PA officials, who have been overenthusiastic about the creation of an international momentum that would dramatically expedite Palestinian statehood, are now realising that reality is more complex than they previously thought.
This is not to say that Palestinians, including the PA, are having second thoughts about the PA bid to gain UN membership for a prospective state. Far from it, there is a great consensus among Palestinians that Abbas's speech was positive, if not impressive.
However, there is renewed realisation that speeches alone, even if eloquent, alone don't produce statehood and that a lot of struggle, bitterness, as well as sacrifices are still required to convince the world of the long-overdue entitlement of Palestinian statehood, independence and freedom.

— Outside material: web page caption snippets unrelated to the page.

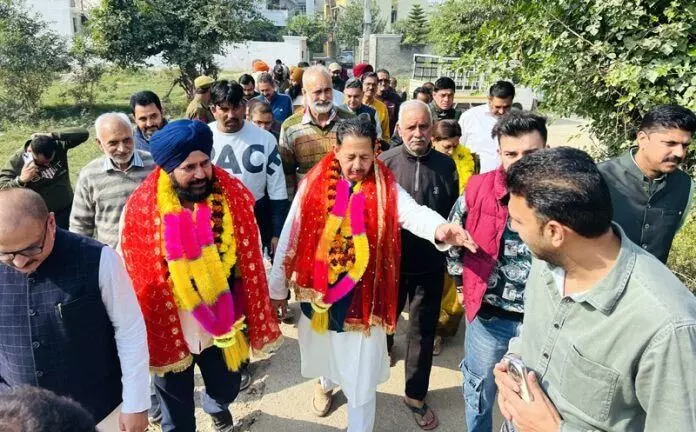 Jammu: डॉ. नरेंद्र, बिलावरिया ने गंग्याल में विकास कार्यों का शुभारंभ किया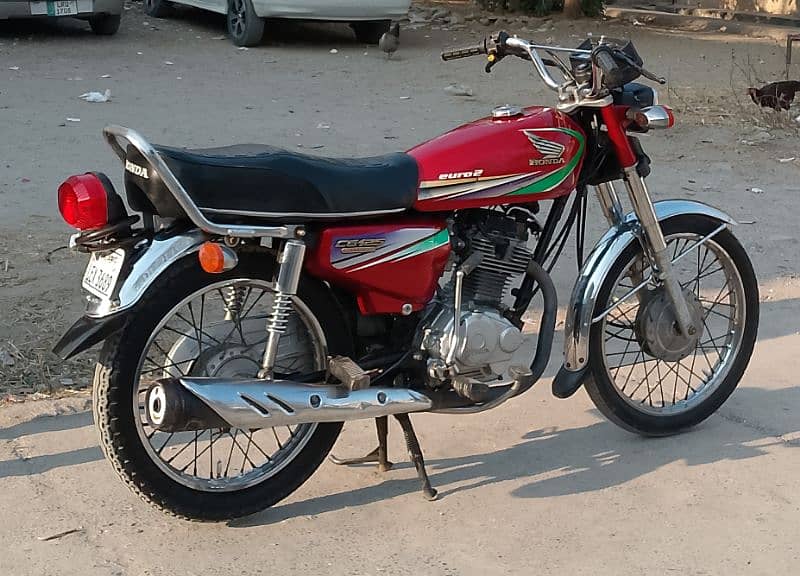 Honda 125 2014 model Lahore no call no 03141212088 10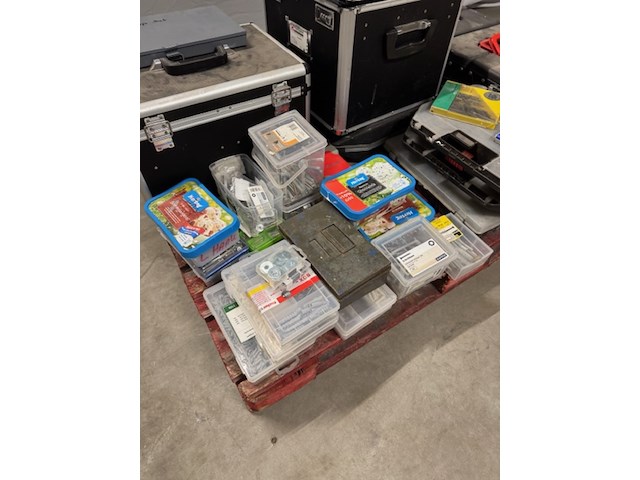 Partij gereedschap en ijzerwaren - afbeelding 8 van  8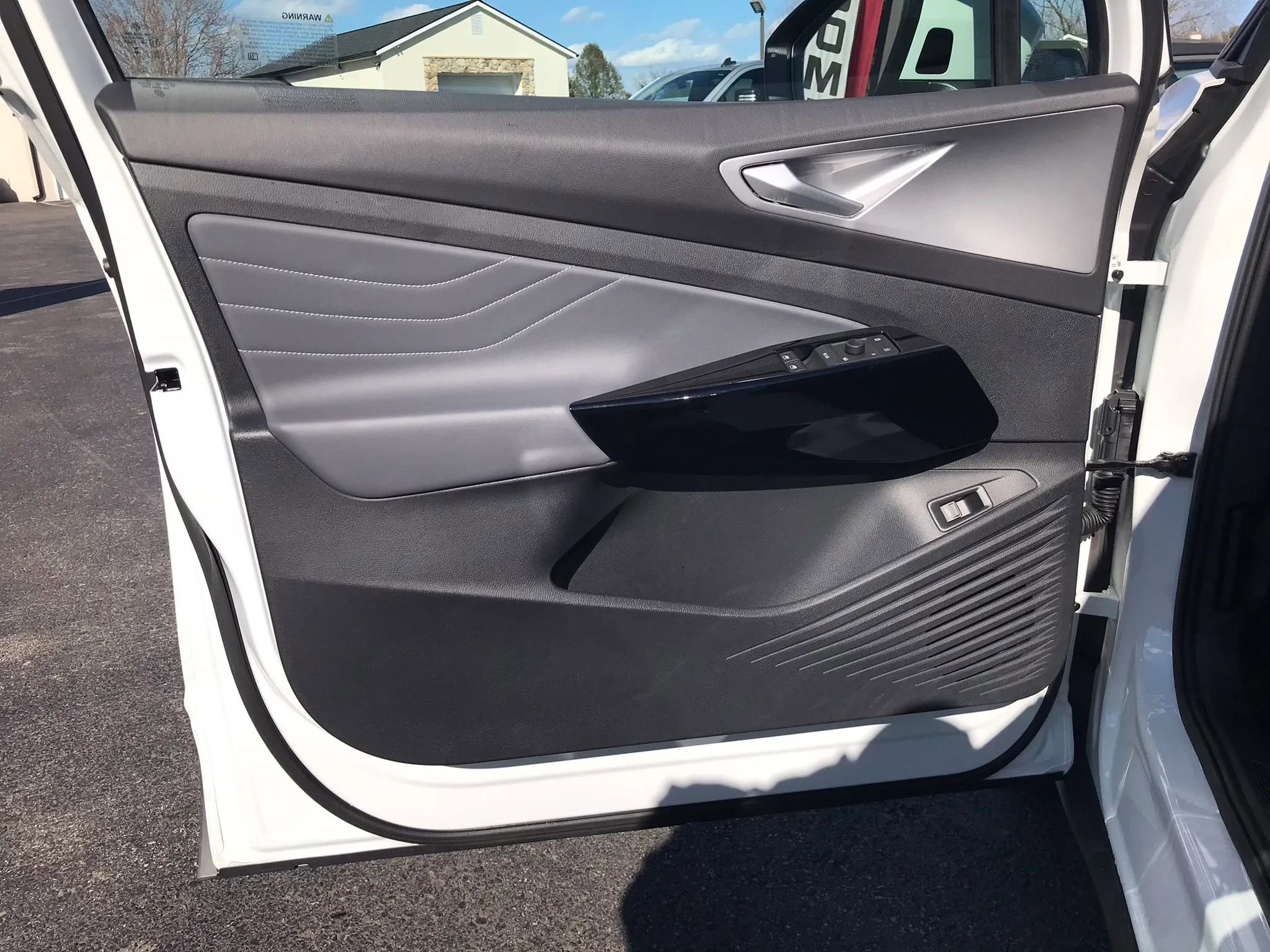 Used 2023 Volkswagen ID.4 Pro S Plus image 11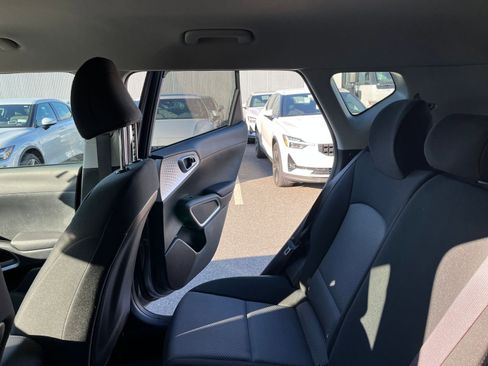 Used 2025 Kia Soul LX w/ LX Technology Package image 37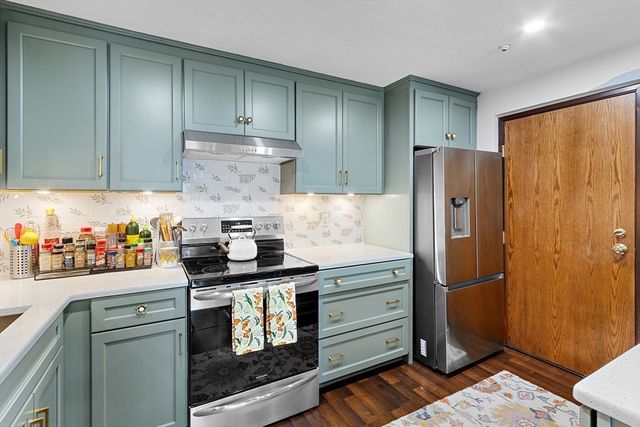 350 Neponset M, Canton, MA 02021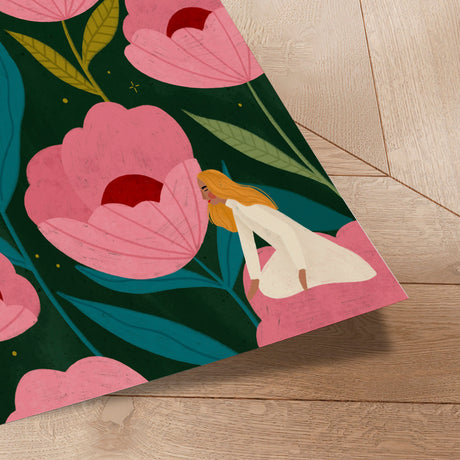 Plakat - Three Women Stitting on Large Pink Flowers - Bea Müller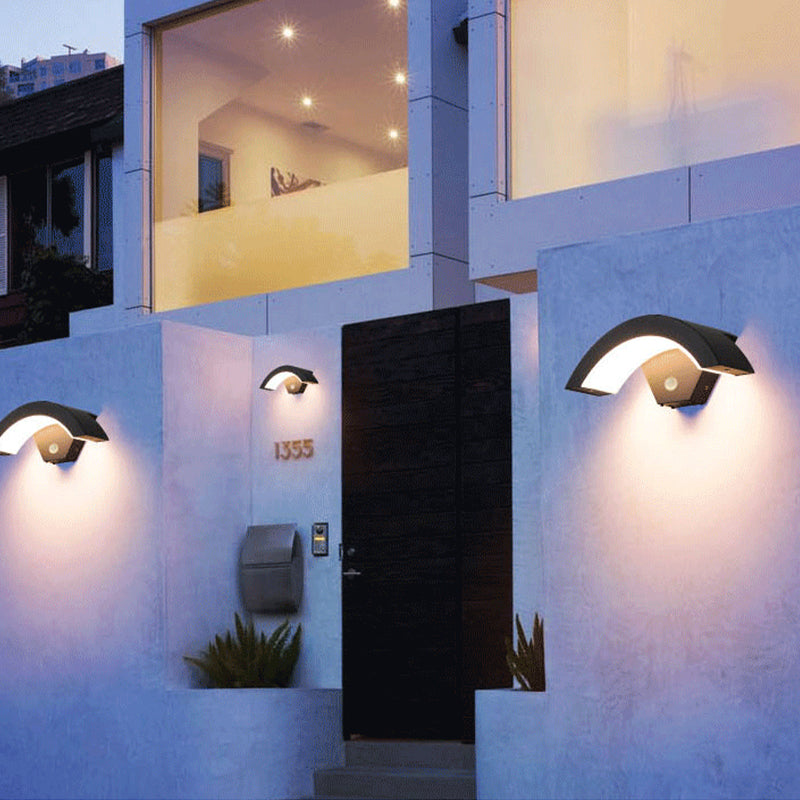 Elvon Nordic Arc Waterdichte LED Buiten Wandlamp, Zwart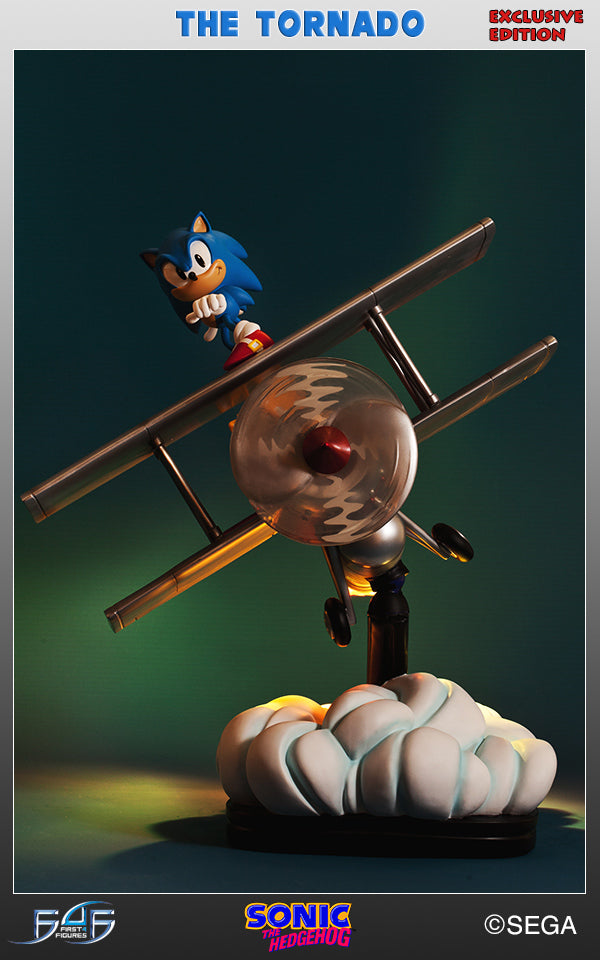 Sonic "The Tornado" Diorama Exclusive (SNTORX015.jpg)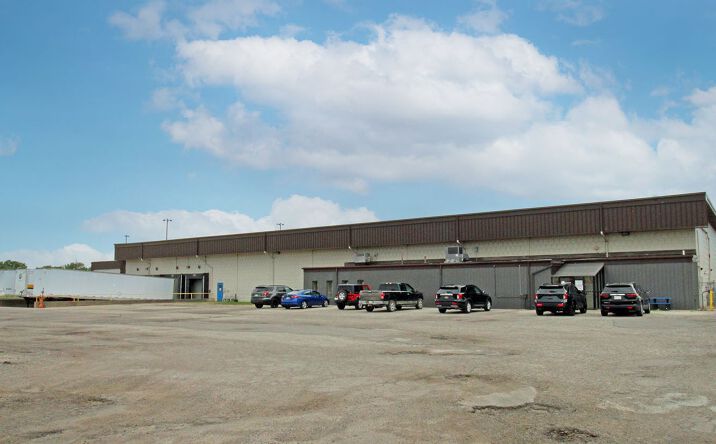 Pictures of Industrial property located at 33101 Harper Ave, St. Clair Shores, MI 48082 for lease - image #1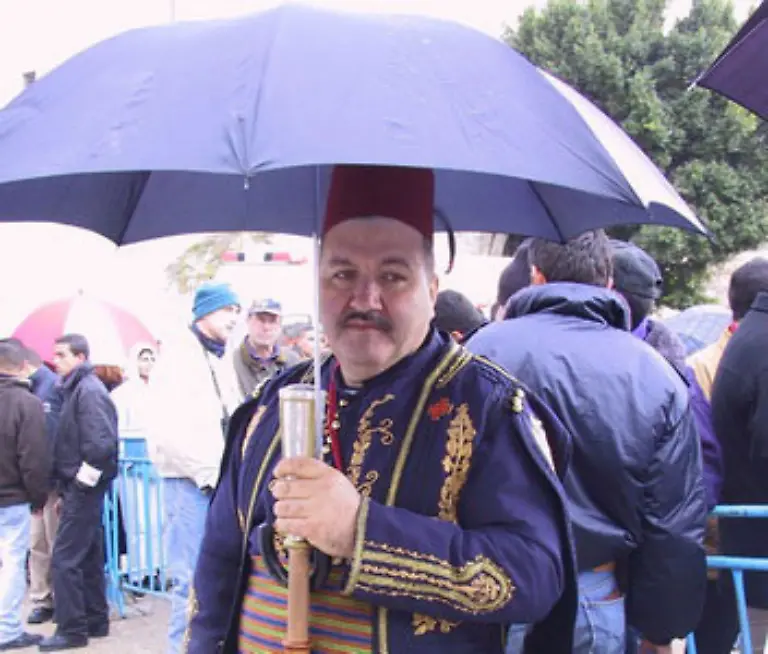 Doch-im-Dezember-stehen-auch-die-Kawassen-im-Regen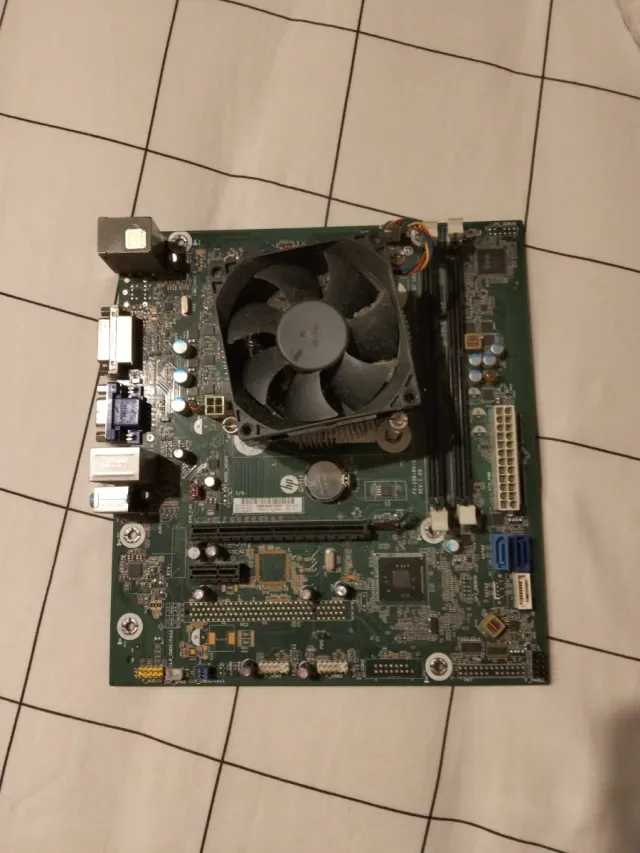 Placa base HP con disipador y ventilador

Privately though, some PA officials don't hesitate to express their frustration and disillusionment over the fact that both the United States and Europe know that Israel is not willing to pay the price for peace.
Some other Palestinian officials lashed out at the International Quartet, accusing Middle East peace envoy Tony Blair of being excessively biased towards of Israel and of being Israeli Prime Minister Binyamin Netanyahu's lackey.
Bassam Al-Salhi, a PLO official representing the leftist People's Party, described Blair as "a junior employee of the Israeli government rather than a representative of the Quartet".
Last week, the Quartet, which includes the US, UN, EU and Russia, called for the resumption of stalled peace talks between Israel and the PA. However, the call didn't expressly urge Israel to freeze Jewish settlement expansion in the West Bank and East Jerusalem.
Israel said it accepted the call, though reluctantly, while reserving its own interpretation and understanding of it, namely that Israel had the right to keep building and expanding settlements as part of what is known as "natural growth needs." The PA dismisses the argument as a pretext.
The world supports a stop to settlements, because settlements and peace are two parallel lines," Abu Rudeinah added. The PA official dismissed the Israeli demand for "negotiations without preconditions" as mendacious and false.
Meanwhile, visiting US Defense Secretary Leon Panetta urged Abbas to renew troubled peace talks with Israel. Panetta arrived in Ramallah Monday following his visit to Israel during which he invoked the traditional mantra of US security commitment to Israel's security. He didn't utter a word about Israel's refusal to freeze settlement expansion all over the occupied Palestinian territories.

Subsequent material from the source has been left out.